Use the restroom before you start reading... So funny, I could hardly breathe, due to laughing so hard.


1 out of 5 stars Such an awful book!   October 19, 2008
 2 out of 5 found this review helpful

The WORST book I have ever read, without exception. What a slog. It was like being tortured. The only reason I continued to read to the end is because I was completely incredulous that the book could actually get continually worse (& it did, OH how it did).

I stand in awe that Jen Lancaster could actually have gotten published. I have lost faith in American publishing if this manure could be published by any respectable publishing house.

I usually don't buy books, but I'd been recommended this one on amazon (curse them!) & later saw it on the bookshelf at Barnes & Noble & snagged it on impulse. Oh my goodness! I gave this woman my money! I am sick to my stomach.

The writer (book is written in the first person) is completely unlikeable with no redeemable qualities. Just goes to show you, ladies, ANYONE can get a guy, no matter how odious her personality (or how much of a raving alcoholic she is). For that matter, ANYONE can have a bestseller if this drivel can get published. So get out there & WRITE!

I should have known I would have a problem with this author's opinions when she said she wears Crocs. ALL THE TIME. Hold my head somebody.

She curses all the time. I believe that people who curse are too ignorant to know the proper words to use, so they just spew obscenities. Jen Lancaster is a perfect example of my theory. Oh, & note to Jen: Being a drunk middle-aged woman with dog excrement all over her apartment is NOT funny (especially when you're wearing Crocs).

She writes about being in shock that she actually sold a book. SHE SHOULD BE! Here's an excerpt:

"I know I've done this a couple of times before, but each time a book sells, it feels like a miracle."

Yeah! Because it is! A horrible, nightmarish miracle!

"I want to call my publisher and ask, 'Are you sure? You're really interested in what I have to say? And you're willing to write me a check to do so? And then you'll put these thoughts - asinine as they may be - and put them in a format that will live on in the Library of Congress forever?' Unbelievable."

Yes, Jen! Truly unbelievable! Because this book is garbage. As my dear mother would say, its only use is to line the birdcage. Thank goodness those birds don't know how to read.

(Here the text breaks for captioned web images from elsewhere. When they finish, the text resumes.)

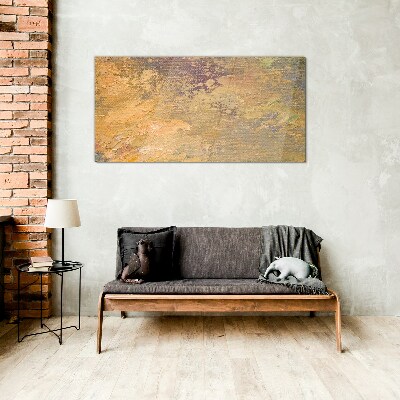 Golden reflections in an abstract landscape Glass art print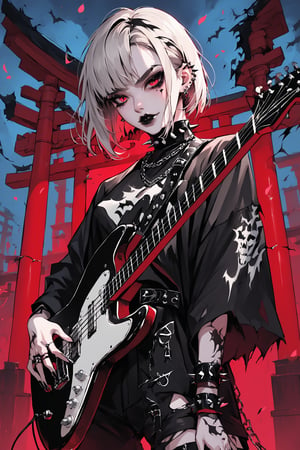 1Girl,kawaii style,Striking Nordic beauty Girl, in Japanese-inspired black metal fashion,Tall and slender figure,with pale skin and long platinum blonde hair, Wearing a black kimono-style top with torn edges and silver studs,Combat boots adorned with chains and spikes. Face painted with dramatic black and white makeup. Multiple piercings in ears and eyebrows, Holding a sharp-edged electric guitar ,Cherry blossom petals and bat silhouettes floating around. Standing in front of a torii gate engulfed in blue flames. Moonlit night sky with ominous clouds. Photorealistic style with fantasy elements. 8K resolution, sharp focus on the girl and guitar,
goth girl,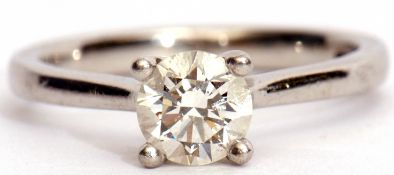 Precious metal diamond ring, a central round brilliant cut diamond of 0.71ct approx, set in a four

At one point, the author says she didn't like a personal trainer because she had no sense of humor, which Jen Lancaster defines as someone who doesn't find her funny. All I can say is, she must run into people with no sense of humor A LOT.

She also uses words that are not words. My kingdom for an editor! She actually used the non-word "orientated." Oh my goodness! This woman is getting paid for being illiterate.

Also, at one point she referred to being on a Caribbean vacation & hearing a "tin drum." She meant a STEEL drum. So not only is the author getting paid for manure, the publisher & editor are, too!

I have so much more to say. Just please: Don't read this book. Life is too short to waste on this rubbish.



1 out of 5 stars Horrible Book   October 13, 2008
 3 out of 6 found this review helpful

This book is horrible. If I could give it no stars, then I would. If you are looking for inspiration for working out and losing weight, don't even bother reading. It took like half the book until she started working out. The first half of the book talks about her dogs, husband, shopping with friends, ugh. I kept saying, when is this going to get on point? And I don't think her writing is very charming. It is somewhat amusing, although I doubt it is genuine as a "memoir" and wouldn't pass the Oprah test, if you know what I mean.
I didn't even give my copy away, I threw mine in the trash.



3 out of 5 stars What's up with the foot notes   October 6, 2008
 0 out of 2 found this review helpful

I'll be honest upfront that I haven't finished reading this book yet. I'm giving it three stars not because I'm not enjoying or connecting with the book but because of how it is written. What's up with the footnotes. I've read disertations with fewer footnotes. It's really disappointing because otherwise I'd be totally into the book.


5 out of 5 stars Laugh out loud funny!   October 6, 2008
 1 out of 1 found this review helpful

Jen Lancaster's latest book is laugh out loud funny. I picked it up on a whim, and laughed (truly) our loud just reading the teaser at the back.

Lancaster starts by describing the horrific foods she endured through her childhood ('healthy and flavorless' she says) until she ate away from home and discovered butter and cream and FLAVOR!!

The years pass and the pounds add up, until the doctor points out further weight gain and the results this wreaks on one's body. As Lancaster says, "...what good is finally being able to afford a pedicure if I lose a foot to adult-onset diabetes

Lancaster shows the way she conquered weight gain to become fit again and we get to laugh with her along the way. From Atkins to Jenny Craig to Weight Watchers, we see what works and what dedication it can take.

Lancaster's wit and style of writing kept me laughing from start to finish. This is the first non-reference book that has footnotes (!) which allowed greater enlightment...it was like a friend whispering into my ear at a party, giving me the backstory on various guests.

Lancaster starts the book with a story about someone telling her what a fat bitch she is, and it doesn't phase her. She accepts that she is who she is. She ends with a similar story, but her comeback to the insult this time is, "No, I am a fit bitch."

I would recommend this to any friend who wanted a laugh. "Such a Pretty Fat" reminds me it's all worth laughing about to keep perspective.